Also I am very anal about my things, although I do not mind letting people use my stuff, I can not sleep at night knowing things are not where they belong when they could be  haha

My biggest problems are
- I am very hard on myself
- I do not always ride how I know I should, I know what I am doing wrong but for some reason I keep doing it :/
- I go with my heart more then my brain.

although all of the above are some of the best things about myself 

MY ALL TIME PET PEEVE IS:

"You know its not the horses fault or problem, ITS YOURS!

People love to think stupid horse, when 9 times out of 10 it's stupid rider!


----------



## eclaire23 (Oct 26, 2010)

DONT TOUCH MY TACK!!!!!!!!!! My tack room isnt a pot luck! You can't just take it because it looks good.
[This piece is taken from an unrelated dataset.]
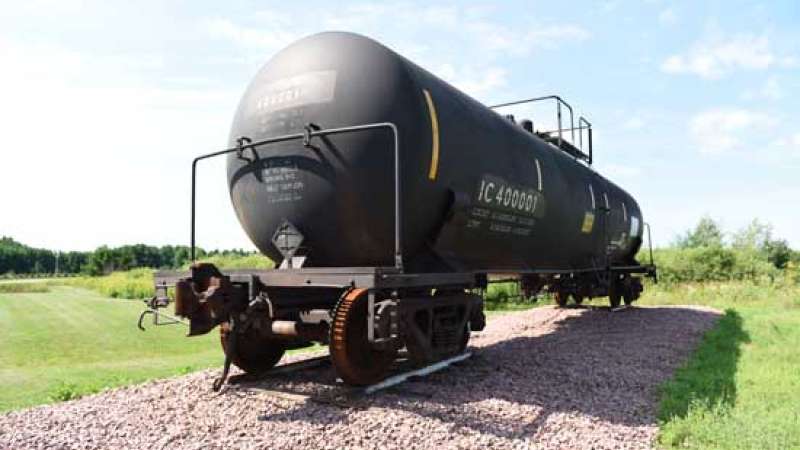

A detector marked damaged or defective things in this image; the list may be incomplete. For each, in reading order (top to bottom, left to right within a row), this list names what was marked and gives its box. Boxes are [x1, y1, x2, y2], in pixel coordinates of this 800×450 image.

rusty brake wheel [219, 326, 288, 374]
rusty brake wheel [328, 290, 396, 384]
Then it doesnt get put back correctly- more than one occasion found the flaps to my flat saddle scruntch under itself on the rack. Leaving it bent.... and if one dares touch my saddle pads.... evil will ensue! lol But seriously just ask. Dont sneak around then fail miserably at covering it up. Half of the time I'll let them use it. 

If there is Show Shean on my horse dont touch. this leads to- I can clean my horse so dont "help" unless asked =)
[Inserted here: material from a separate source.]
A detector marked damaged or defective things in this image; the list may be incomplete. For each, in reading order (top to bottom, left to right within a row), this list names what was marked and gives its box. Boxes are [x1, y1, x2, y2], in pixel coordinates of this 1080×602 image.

When my mum becomes the ALMIGHTY trainer- and I no longer can do anything right.

Myself- posture (I slump) & My weight<- doesnt effect my horse or me physically...but its always an issue for us ladies lol


----------



## Susan Crumrine (Oct 5, 2009)

*trail riders*

who camp with their horses and leave them picketed with no hay and barely give them water.
I feel bad about having the boys picketed so they always have a full hay bag and I water every 3 hours, even at night. 

My personal: not being as good a rider as I used to be, because of injuries and Rheumatiod arthritis, cannot really ride non gaited horses well.....


----------



## Mythilus (Aug 16, 2010)

My biggest pet peeve is fellow boarders asking YOU to get THEIR horse because, oh, you're going to the field anyway, despite your horse is in the field on the other side of the property, you're still going to the field so you might as well get their horse too!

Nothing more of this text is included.